# What You'll Need:
→ For the Cookies
01 - 2 1/2 cups all-purpose flour
02 - 1/2 teaspoon baking powder
03 - 1/4 teaspoon salt
04 - 3/4 cup unsalted butter, softened
05 - 1 cup granulated sugar
06 - 1 large egg
07 - 2 teaspoons vanilla extract
→ For the Royal Icing
08 - 3 cups powdered sugar, sifted
09 - 2 large egg whites or 4 tablespoons meringue powder plus 6 tablespoons water
10 - 1/2 teaspoon vanilla extract
11 - Black gel food coloring
12 - Yellow gel food coloring
→ For Decoration
13 - Mini yellow M&Ms or candy pearls for tassels
# How To Make:
01 - In a small bowl, whisk together flour, baking powder, and salt. In a large bowl, beat softened butter and granulated sugar until light and fluffy, approximately 2 to 3 minutes. Add egg and vanilla extract, mixing until combined. Gradually incorporate flour mixture into wet ingredients, stirring until dough forms. Divide dough in half, shape each portion into a disk, wrap tightly in plastic wrap, and refrigerate for 30 minutes.
02 - Preheat oven to 350°F. Roll chilled dough on a lightly floured surface to 1/4-inch thickness. Cut cookies using a graduation cap or square cookie cutter. Arrange on parchment-lined baking sheets. Bake for 8 to 10 minutes until edges are just golden brown. Transfer to wire racks and cool completely.

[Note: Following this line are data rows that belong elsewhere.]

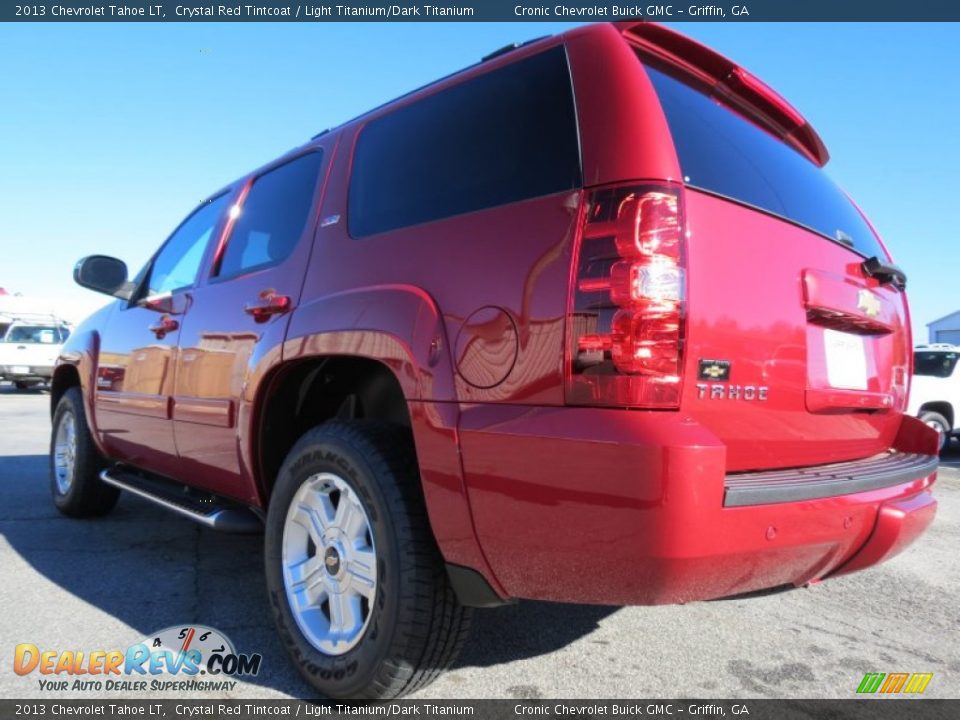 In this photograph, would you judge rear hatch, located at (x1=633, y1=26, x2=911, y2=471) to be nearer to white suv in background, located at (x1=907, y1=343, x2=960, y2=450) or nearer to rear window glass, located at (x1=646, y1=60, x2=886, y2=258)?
rear window glass, located at (x1=646, y1=60, x2=886, y2=258)

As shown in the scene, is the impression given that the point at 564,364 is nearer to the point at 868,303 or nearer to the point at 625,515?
the point at 625,515

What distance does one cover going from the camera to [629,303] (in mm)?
1556

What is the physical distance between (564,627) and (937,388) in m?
9.51

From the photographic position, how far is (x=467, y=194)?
1.98 meters

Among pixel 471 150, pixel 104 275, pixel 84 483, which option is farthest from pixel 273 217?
pixel 84 483

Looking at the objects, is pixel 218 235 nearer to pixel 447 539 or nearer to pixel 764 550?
pixel 447 539

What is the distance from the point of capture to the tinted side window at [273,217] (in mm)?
2736

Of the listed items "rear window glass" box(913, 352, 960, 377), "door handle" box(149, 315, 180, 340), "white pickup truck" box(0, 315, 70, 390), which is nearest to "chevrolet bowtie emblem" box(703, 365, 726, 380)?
"door handle" box(149, 315, 180, 340)

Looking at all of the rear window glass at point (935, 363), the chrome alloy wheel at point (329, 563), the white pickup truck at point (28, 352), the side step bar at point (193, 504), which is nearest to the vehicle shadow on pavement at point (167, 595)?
the chrome alloy wheel at point (329, 563)

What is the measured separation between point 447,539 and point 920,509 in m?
1.46

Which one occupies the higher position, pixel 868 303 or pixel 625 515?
pixel 868 303

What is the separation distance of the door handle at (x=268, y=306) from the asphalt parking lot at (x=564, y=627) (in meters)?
1.22

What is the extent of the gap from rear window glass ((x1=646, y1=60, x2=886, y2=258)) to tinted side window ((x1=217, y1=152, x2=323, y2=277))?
1.48 metres

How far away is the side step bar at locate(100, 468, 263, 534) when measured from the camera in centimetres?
267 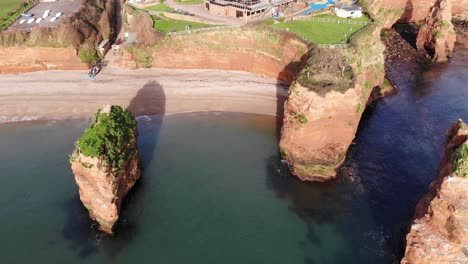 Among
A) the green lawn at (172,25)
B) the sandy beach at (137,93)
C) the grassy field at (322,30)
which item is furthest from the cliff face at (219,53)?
the grassy field at (322,30)

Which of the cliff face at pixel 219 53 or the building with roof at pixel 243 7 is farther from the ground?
the building with roof at pixel 243 7

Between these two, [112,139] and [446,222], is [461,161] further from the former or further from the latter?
[112,139]

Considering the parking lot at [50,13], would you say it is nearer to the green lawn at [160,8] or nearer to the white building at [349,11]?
the green lawn at [160,8]

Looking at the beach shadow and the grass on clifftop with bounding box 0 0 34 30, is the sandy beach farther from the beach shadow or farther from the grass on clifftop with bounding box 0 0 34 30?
the grass on clifftop with bounding box 0 0 34 30

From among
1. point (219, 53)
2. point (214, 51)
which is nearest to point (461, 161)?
point (219, 53)

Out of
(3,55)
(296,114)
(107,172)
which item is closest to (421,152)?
(296,114)

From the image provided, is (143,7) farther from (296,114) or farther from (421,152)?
(421,152) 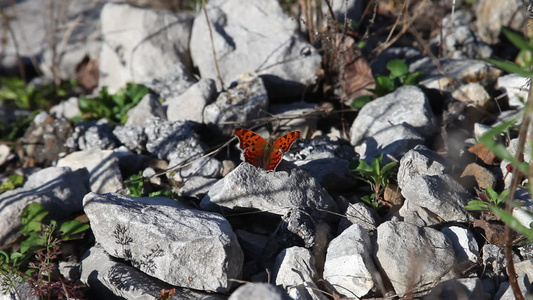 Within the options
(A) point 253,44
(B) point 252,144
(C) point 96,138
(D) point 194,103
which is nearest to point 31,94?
(C) point 96,138

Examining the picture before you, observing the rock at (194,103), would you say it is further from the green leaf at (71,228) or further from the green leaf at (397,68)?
the green leaf at (397,68)

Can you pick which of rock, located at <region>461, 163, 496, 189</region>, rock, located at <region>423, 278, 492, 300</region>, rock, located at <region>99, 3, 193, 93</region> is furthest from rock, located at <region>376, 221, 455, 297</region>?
rock, located at <region>99, 3, 193, 93</region>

03 - In a clean bowl, beat egg whites or meringue powder mixed with water until foamy. Gradually add sifted powdered sugar, beating continuously until stiff, glossy peaks form, approximately 5 minutes. Mix in vanilla extract. Divide icing into two portions: tint the larger portion black and the smaller portion yellow using gel food coloring. Adjust consistency by adding water by the teaspoon for flooding technique or additional powdered sugar for piping.
04 - Using black royal icing, outline each cookie and flood the interior surface. Use a toothpick to spread icing evenly to edges. Allow to set for 30 to 60 minutes until completely hardened.
05 - Transfer yellow royal icing to a piping bag fitted with a small round tip. Pipe a yellow tassel and button on each graduation cap. Place a mini M&M or candy pearl at the tassel end. Allow cookies to dry completely before serving or packaging, preferably several hours or overnight.